Neurocoagulation from a Mechanistic Point of View in the Central Nervous System

Semin Thromb Hemost DOI: 10.1055/s-0041-1741569Coagulation mechanisms are critical for maintaining homeostasis in the central nervous system (CNS). Thrombin, an important player of the coagulation cascade, activates protease activator receptors (PARs), members of the G-protein coupled receptor family. PAR1 is located on neurons and glia. Following thrombin activation, PAR1 signals through the extracellular signal-regulated kinase pathway, causing alterations in neuronal glutamate release and astrocytic morphological changes. Similarly, the anticoagulation factor activated protein C (aPC) can cleave PAR1, following interaction with the endothelial protein C receptor. Both thrombin and aPC are expressed on endothelial cells and pericytes in the blood-brain barrier (BBB).
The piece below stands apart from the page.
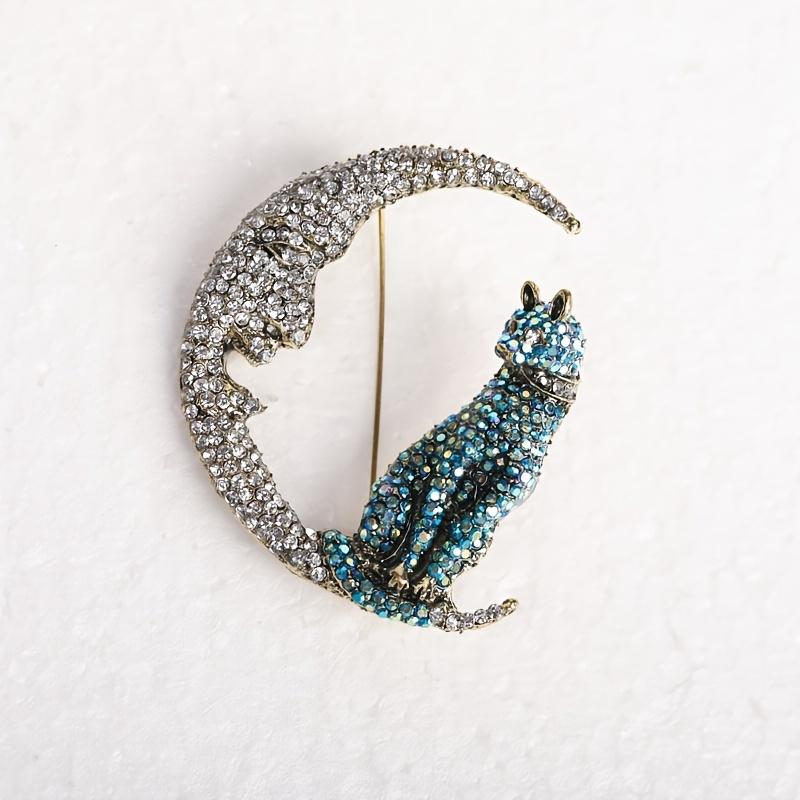 

[Vintage Cat Brooch] Heavily Embellished Rhinestones Cat Brooch on The Moon, Manufacturer Wholesale, Vintage Fashion Animal Series for Casual Party Ou синий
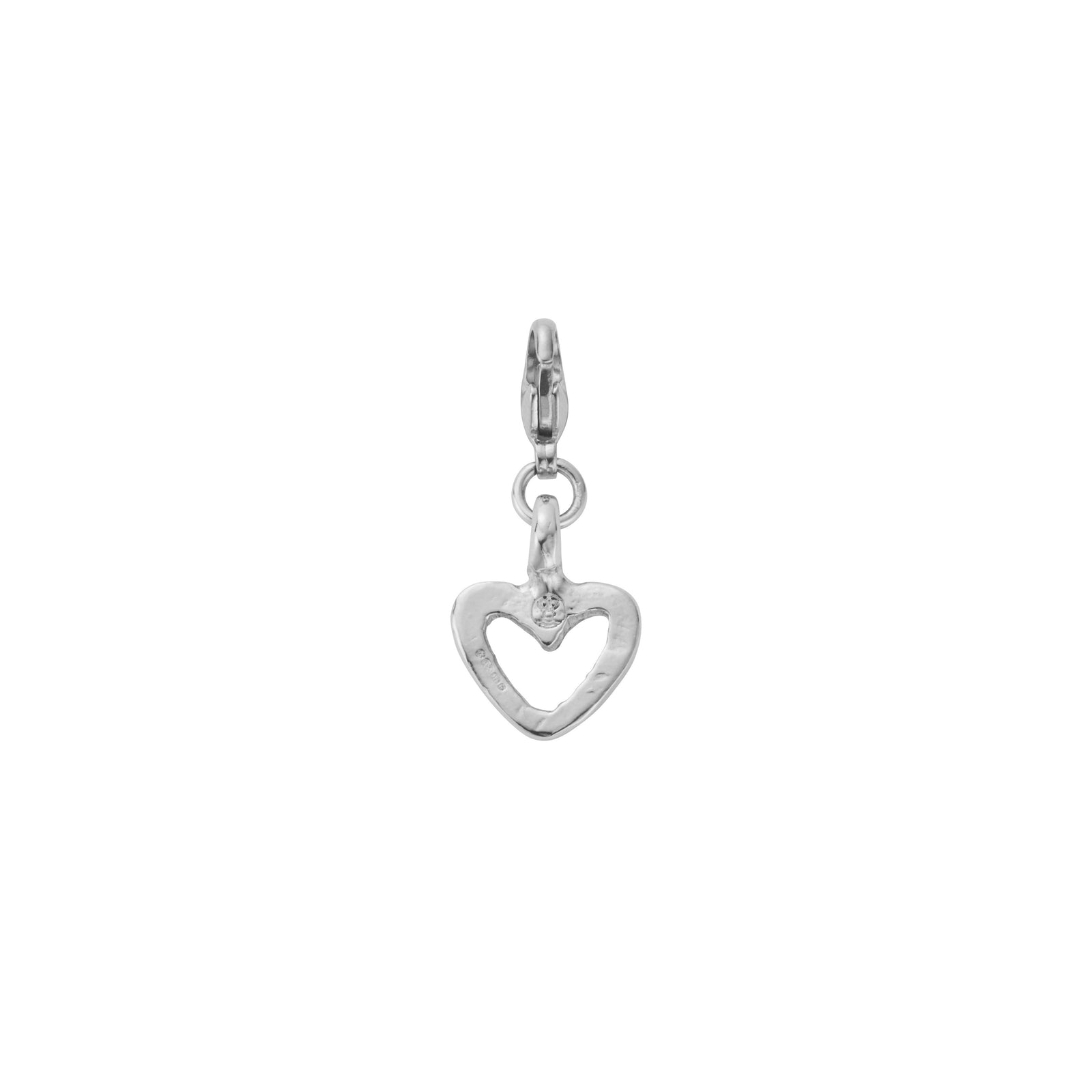 Silver Mini Open Heart Lobster Charm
Thrombin-induced PAR1 activation increases cytosolic Ca2+ concentration in brain vessels, resulting in nitric oxide release and increasing F-actin stress fibers, damaging BBB integrity. aPC also induces PAR1 activation and preserves BBB vascular integrity via coupling to sphingosine 1 phosphate receptors. Thrombin-induced PAR1 overactivation and BBB disruption are evident in CNS pathologies. During epileptic seizures, BBB disruption promotes thrombin penetration. Thrombin induces PAR1 activation and potentiates N-methyl-D-aspartate receptors, inducing glutamate-mediated hyperexcitability. Specific PAR1 inhibition decreases status epilepticus severity in vivo. In stroke, the elevation of brain thrombin levels fu...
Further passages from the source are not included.